Reporting from the Post itself revealed that the paper’s editorial board had prepared a Harris endorsement and that the final decision to not move forward with the piece came personally from owner Jeff Bezos. The backlash was swift. Bezos’s decision drew criticism from all corners of the media world and caused tumult in the Post newsroom. The paper’s editor-at-large, Robert Kagan, announced his resignation, and several Post employees stepped down from its editorial board, though they are staying on with the paper. One former editorial-board member, Molly Roberts, issued a statement laying the blame directly at Bezos’s feet.
On Monday, Bezos addressed the controversy in a Post op-ed, writing that his decision was an attempt to restore trust in the media, which the public increasingly views as biased. “Presidential endorsements do nothing to tip the scales of an election,” he wrote. “No undecided voters in Pennsylvania are going to say, ‘I’m going with Newspaper A’s endorsement.’ None. What presidential endorsements actually do is create a perception of bias. A perception of non-independence. Ending them is a principled decision, and it’s the right one.”
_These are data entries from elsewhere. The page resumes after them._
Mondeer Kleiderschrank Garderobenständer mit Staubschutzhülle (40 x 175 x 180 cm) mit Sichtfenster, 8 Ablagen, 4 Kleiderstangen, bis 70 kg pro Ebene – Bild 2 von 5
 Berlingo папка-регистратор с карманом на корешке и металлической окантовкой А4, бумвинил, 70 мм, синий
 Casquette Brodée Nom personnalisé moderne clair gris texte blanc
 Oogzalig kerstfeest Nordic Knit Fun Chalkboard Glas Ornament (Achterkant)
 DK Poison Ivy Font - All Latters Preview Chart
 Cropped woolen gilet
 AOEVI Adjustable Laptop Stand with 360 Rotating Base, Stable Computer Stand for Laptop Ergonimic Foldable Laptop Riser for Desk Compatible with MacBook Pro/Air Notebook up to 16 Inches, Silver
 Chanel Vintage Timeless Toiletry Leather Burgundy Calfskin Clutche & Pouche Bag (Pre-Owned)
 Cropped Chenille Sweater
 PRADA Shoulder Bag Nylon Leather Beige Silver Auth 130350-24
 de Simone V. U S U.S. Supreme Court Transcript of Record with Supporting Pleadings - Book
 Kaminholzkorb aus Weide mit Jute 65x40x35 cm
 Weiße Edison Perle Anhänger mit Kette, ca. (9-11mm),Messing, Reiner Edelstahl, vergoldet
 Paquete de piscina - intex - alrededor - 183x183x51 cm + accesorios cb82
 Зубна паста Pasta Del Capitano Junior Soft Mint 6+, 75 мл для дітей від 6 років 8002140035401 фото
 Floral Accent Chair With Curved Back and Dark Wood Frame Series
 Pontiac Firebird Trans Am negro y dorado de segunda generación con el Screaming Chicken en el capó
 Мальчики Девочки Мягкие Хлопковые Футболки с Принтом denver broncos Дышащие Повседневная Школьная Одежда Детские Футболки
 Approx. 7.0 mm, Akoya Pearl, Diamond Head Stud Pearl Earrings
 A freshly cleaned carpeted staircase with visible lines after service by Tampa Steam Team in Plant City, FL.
The Amazon founder rejected theories that the Post’s spiked endorsement was evidence of a preference for Harris’s opponent, Donald Trump. Bezos specifically mentioned a meeting that occurred between the former president and Dave Limp, the CEO of Bezos’s aerospace company Blue Origin, shortly after the news broke. “There is no connection between it and our decision on presidential endorsements, and any suggestion otherwise is false,” he said.
At first glance, Bezos’s words didn’t appear to go over well. Many observers saw the op-ed as coming far too late to address the damage done and as something that is unlikely to revive trust in the Post despite Bezos’s intentions. However, the Post appears ready to move forward from the controversy. Semafor reports that executive editor Matt Murray apologized to staff for the recent tumult and said of the endorsement “It’s done, it’s happened.”
During an interview on the radio show The Breakfast Club on Tuesday, Vice-President Harris was asked about the blocked endorsements of the Post and the Los Angeles Times. Dr. Patrick Soon-Shiong, the owner of the Times, said the decision against endorsing came from the editorial board itself, something its members have disputed. Harris called the papers’ move “disappointing” and drew a link from the papers’ owners to her opponent. “It’s billionaires in Donald Trump’s club. That’s who’s in his club. That’s who he hangs out with, that’s who he cares about,” she said.